Writers: Drew Pearce and Shane Black.
Director: Shane Black.
Rating: 2.5/5
Though the top brass at Marvel Studios and their new Disney cohorts are positioning the third Iron Man instalment as a four-quadrant ‘Avengers’-size blockbuster, writer/director Shane Black’s underwhelming take on Tony Stark’s heroic alter-ego is very much a fanboy’s-own adventure.
Despite a central character steeped in cutting-edge technology, Iron Man 3 creaks through an overly familiar structure and blah tropes that hurtle the series back into the world of 80s action flicks. Brought on board to punch up leading man Robert Downey Jr’s smart-mouth dialogue between scenes of generic mayhem, Black achieves a modicum of success with some well-played one-liners. If Iron Man 3 outdoes the first two instalments in any significant way, it is with a welcome and surprising shot of non-Downey inspired humour in the form of Ben Kingsley’s Bin Laden-esque bad guy, The Mandarin.
But there are too many moments that recall Black’s past works (most famously, Lethal Weapon, Last Action Hero and The Last Boy Scout, as well as punching-up tough-guy talk on Predator, The Hunt for Red October and Battle Los Angeles, too name just a few). Those familiar with his over-played beats will recognise such clichéd tools as the smart-mouthed kid sidekick (here, played well by Ty Simpkins), the hero’s fractured mental state (in one of several nods to the events in The Avengers, Stark has PTSD-like anxiety attacks), a cartoonish villain prone to monologue-ing (an OTT Guy Pearce) and the necessity for our protagonist to hit rock bottom (here, represented by snowy, small-town America) before ascending once again to full hero status.
Where Black falls noticeably short is in his depiction of the franchise’s key relationship between Stark and Pepper Potts (a game but under-served Gwyneth Paltrow). Keeping the pair separate for much of the film robs the mechanical vision of much needed humanity. Oddly, Black keeps the principal characters in different corners for long stretches – Favreau’s Happy Hogan is taken out of the action early-on; Don Cheadles’ own iron-suited soldier, War Machine, is off in Pakistan seeking out insurgents. Even Stark is separated from his suit for much of the films mid-section (not unlike the recent third instalment of The Dark Knight Rises, during which Bruce Wayne spent a long time sans suit and which resembles Iron Man 3 in its portrayal of a troubled tech-heavy hero).
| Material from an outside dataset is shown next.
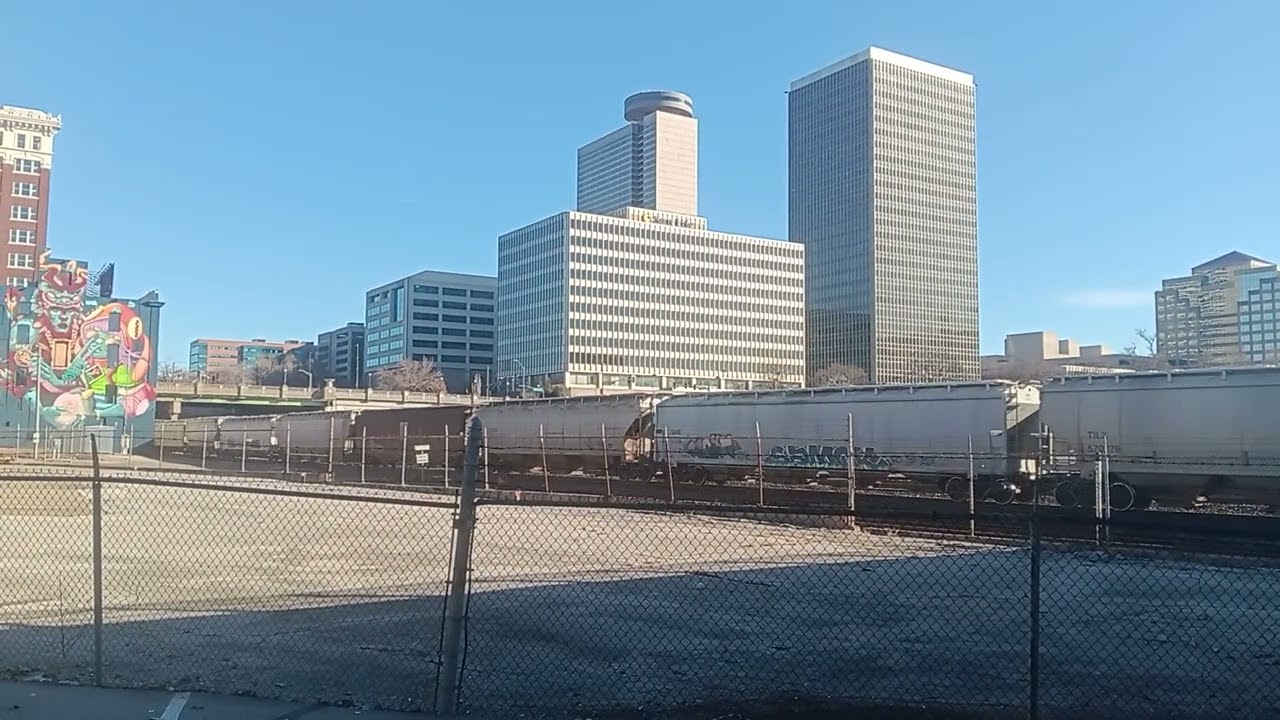 Union Pacific 5545 leading BNSF manifest under  bridge by jack stack barbecue in kansas city mo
Action set-pieces are top-tier, though exhibit no particular auteuristic vision (unlike, say, those of Black’s longtime collaborator, John McTiernan, in his heyday). A helicopter attack on Stark’s home (previewed heavily in the trailer) represents desktop effects work par excellence; a drama aboard Air Force One allows for some old-fashioned stunt work and green-screening; the hero-villain standoff finale has a been-there-done-that blandness. The scenes, like the rest of Shane Black’s perfunctory, fatigued film, will suffice for the fans who have to have their regular cinematic superhero fix, but will leave others generally unmoved.